Material provided:
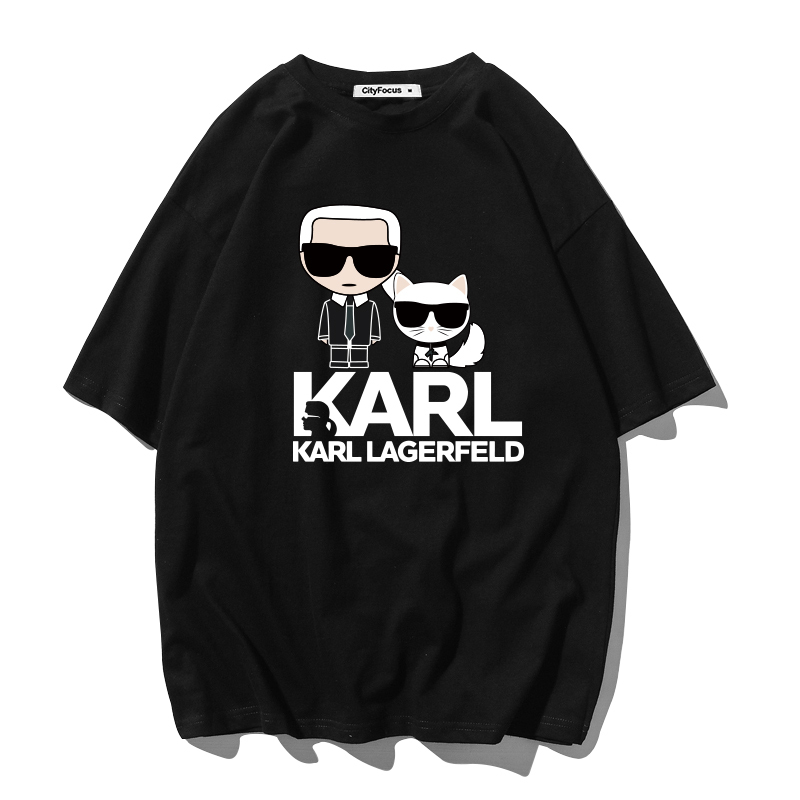 Trendy Brand Lafayette Men's Short-Sleeve T-Shirt, European Style Monster Top, Trendy Printed Half-Sleeve Pure Cotton T-Shirt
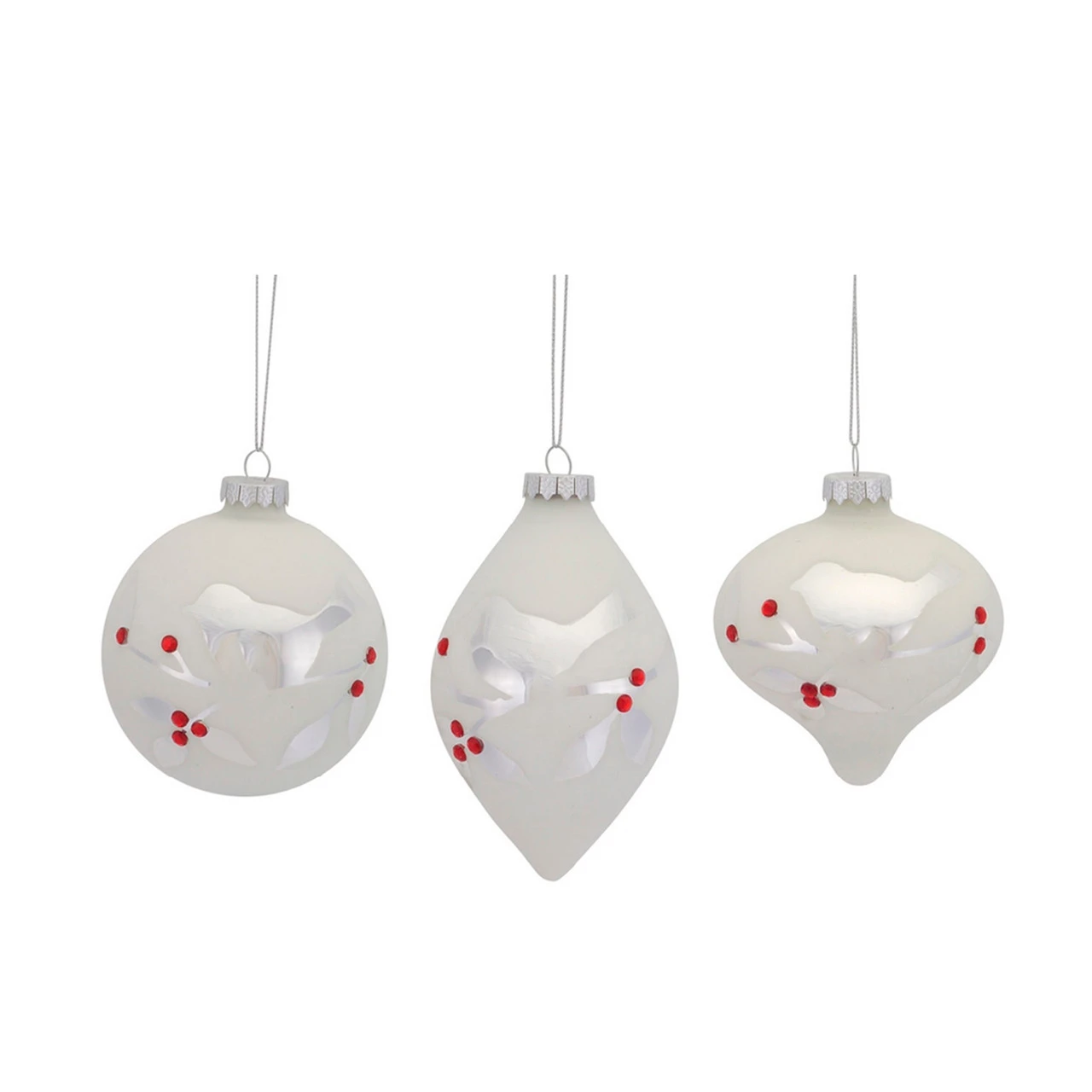 Melrose 4" Country Cabin Etched Bird With Jewel Accents Decorative Glass Onion Christmas Ornament 3 Melrose 4" Country Cabin Etched Bird With Jewel Accents Decorative Glass Onion Christmas Ornament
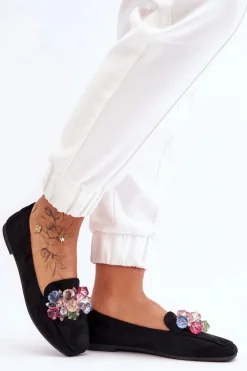 Outlet Boto Zamszowe Mokasyny Z Ozdobnymi Kryształami Czarne Arvilla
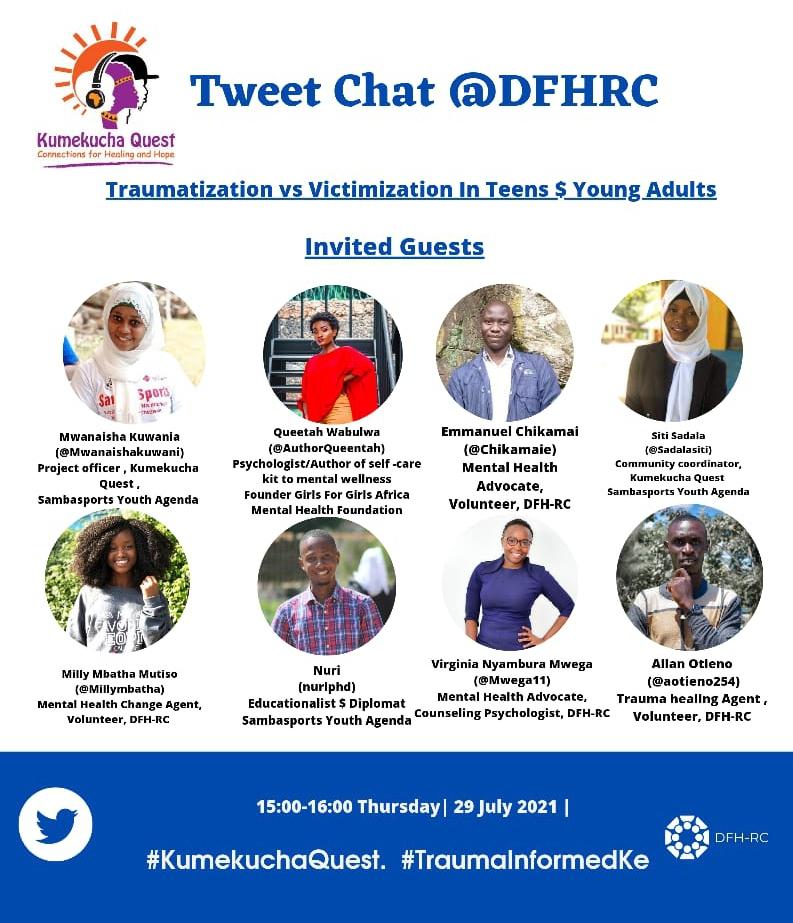DFHRC's tweet photo. Hello everyone, all the panelists for today's conversation on Traumatization vs Victimization are most welcomed #TraumaInformedKe 
#KumekuchaQuest 
@nuripdf
@chikamaie 
@Mwega11 
@aotieno254 
@kuwania002 
@MillyMbatha 
@SadalaSiti 
@AuthorQueentah https://t.co/5gd7tXFkOo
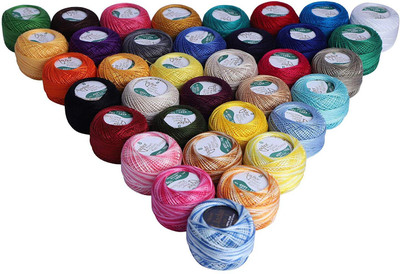 ARTPARASITE 40 Pieces Crochet Cotton Pearl Threads Cotton Crochet Thread in Assorted Thread(85 m Pack of1)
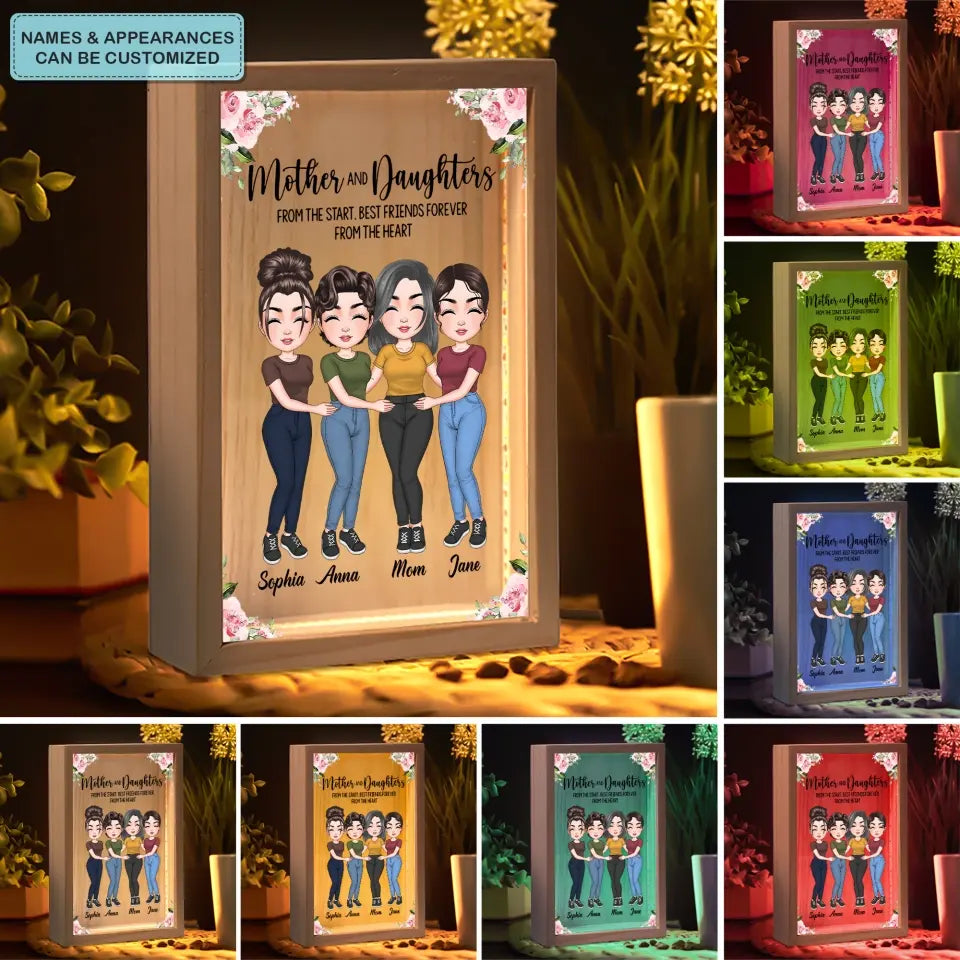 Mother And Daughter From The Start Best Friend Forever From The Heart - Personalized Custom Photo Frame Box - Mother's Day Gift For Family Members, Mom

What to work on:
Give back all entries exactly. No pictures belong in the copy.

Written answer:
 Trendy Brand Lafayette Men's Short-Sleeve T-Shirt, European Style Monster Top, Trendy Printed Half-Sleeve Pure Cotton T-Shirt
 Melrose 4" Country Cabin Etched Bird With Jewel Accents Decorative Glass Onion Christmas Ornament 3 Melrose 4" Country Cabin Etched Bird With Jewel Accents Decorative Glass Onion Christmas Ornament
 Outlet Boto Zamszowe Mokasyny Z Ozdobnymi Kryształami Czarne Arvilla
DFHRC's tweet photo. Hello everyone, all the panelists for today's conversation on Traumatization vs Victimization are most welcomed #TraumaInformedKe 
#KumekuchaQuest 
@nuripdf
@chikamaie 
@Mwega11 
@aotieno254 
@kuwania002 
@MillyMbatha 
@SadalaSiti 
@AuthorQueentah https://t.co/5gd7tXFkOo
 ARTPARASITE 40 Pieces Crochet Cotton Pearl Threads Cotton Crochet Thread in Assorted Thread(85 m Pack of1)
 Mother And Daughter From The Start Best Friend Forever From The Heart - Personalized Custom Photo Frame Box - Mother's Day Gift For Family Members, Mom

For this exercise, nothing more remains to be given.